The present study has some limitations. The small number of patients and the relatively short follow-up do not allow for definitive conclusions about the risk of symptomatic optic neuropathy when using multi-fraction SRS. Further studies and larger number of patients are needed to confirm that patients receiving doses >25 Gy to the optic nerve and chiasm had a low risk of developing clinically symptomatic radiation optic neuropathy. Nevertheless, our results suggest that when single doses to the anterior optic pathway exceeds 10–12 Gy, as for large skull base metastases or for those adjacent to the optic apparatus, multi-fraction SRS may represent an alternative to single-fraction SRS with similar local control and lower risk of treatment-related complications.

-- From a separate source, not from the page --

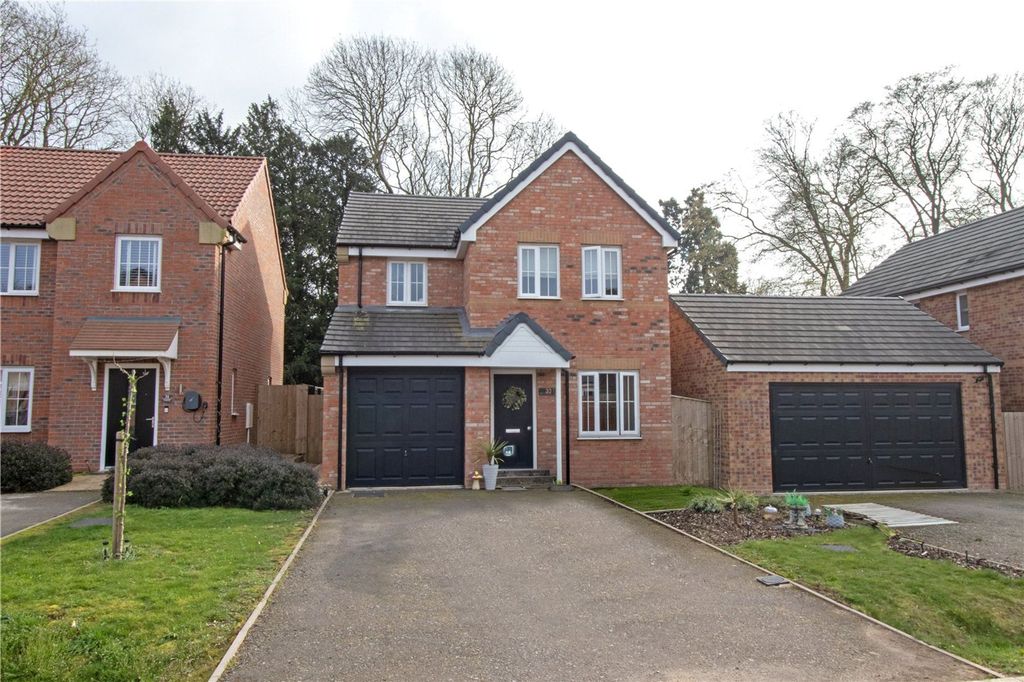 Property photo 1 of 28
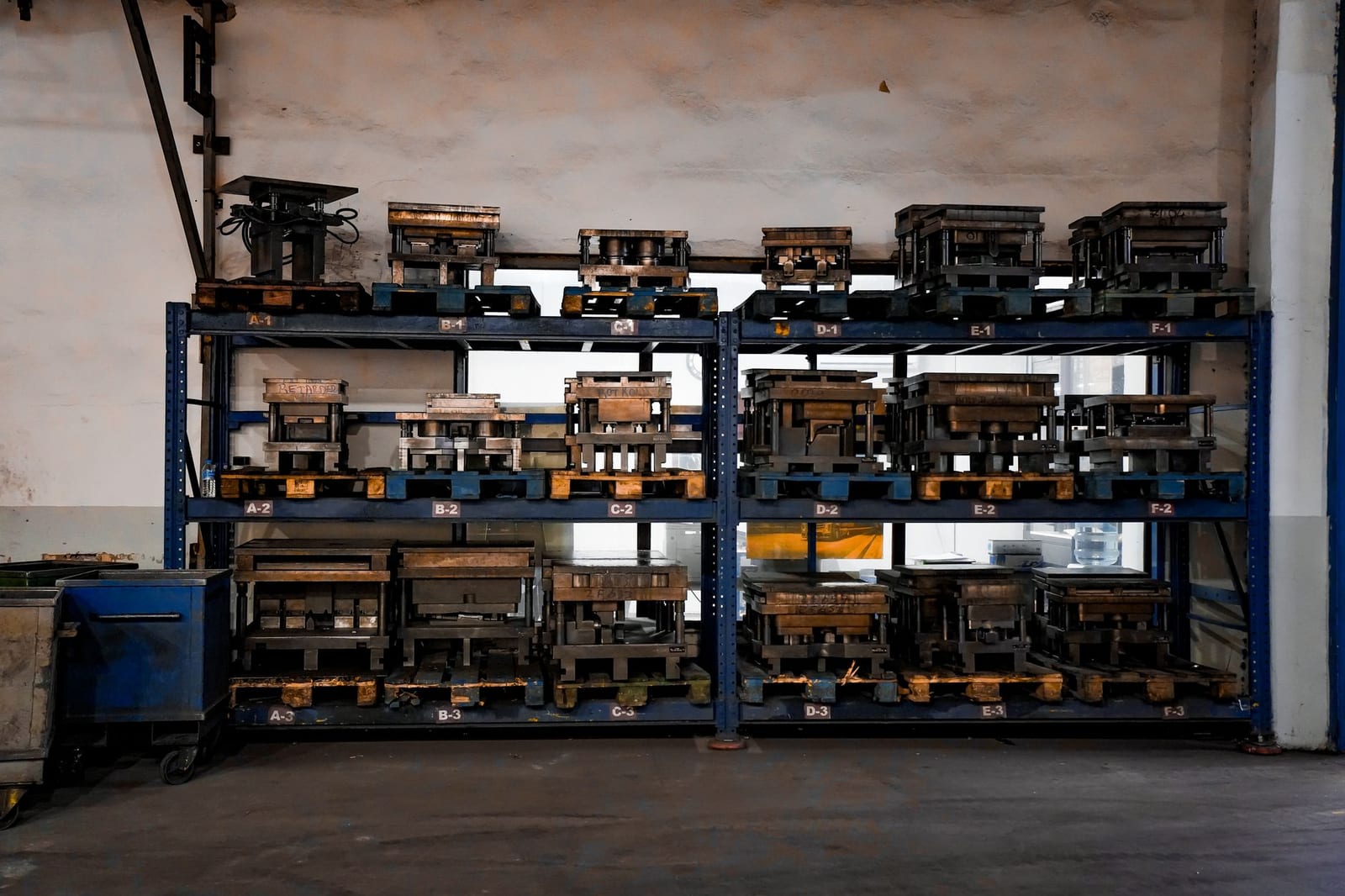 Steel injection mold tooling die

The 1-year and 2-year distant failure rates were 50% and 77%, necessitating salvage treatment with SRS in ten and WBRT in seven patients, respectively. Overall, WBRT could be avoided in about 75% of patients. The main justification for omitting WBRT is that it is associated with a decline in quality of life and neurocognitive function [10–13] without conferring survival advantages [12, 13]. In a randomized study of 58 patients with 1 to 3 metastases who received WBRT plus SRS or SRS alone, Chang et al.  observed that patients treated with SRS plus WBRT showed a greater risk of a significant decline in learning and memory function at 4 months as compared with patients who received SRS alone. Sun et al.  reported similar neurocognitive impairment in patients with small cell lung carcinoma who received prophylactic WBRT. In our study the high distant failure rate was not apparently associated with increased death due to intracranial progression and neurological impairment, confirming that the omission of up-front WBRT is not detrimental for these patients. However, a close MRI follow-up is mandatory with the intent to treat early new distant brain metastases to avoid any potential neurocognitive deterioration.
In conclusion, multi-fraction SRS using 5 × 5 Gy is a feasible treatment option associated with good local control and improvement of cranial nerve symptoms in patients with a skull base metastasis involving the anterior visual pathway. A maximum dose less than 28.5 Gy delivered in 5 fractions to a small portion of the optic nerves and chiasm is associated with a very low risk of radiation-induced optic neuropathy.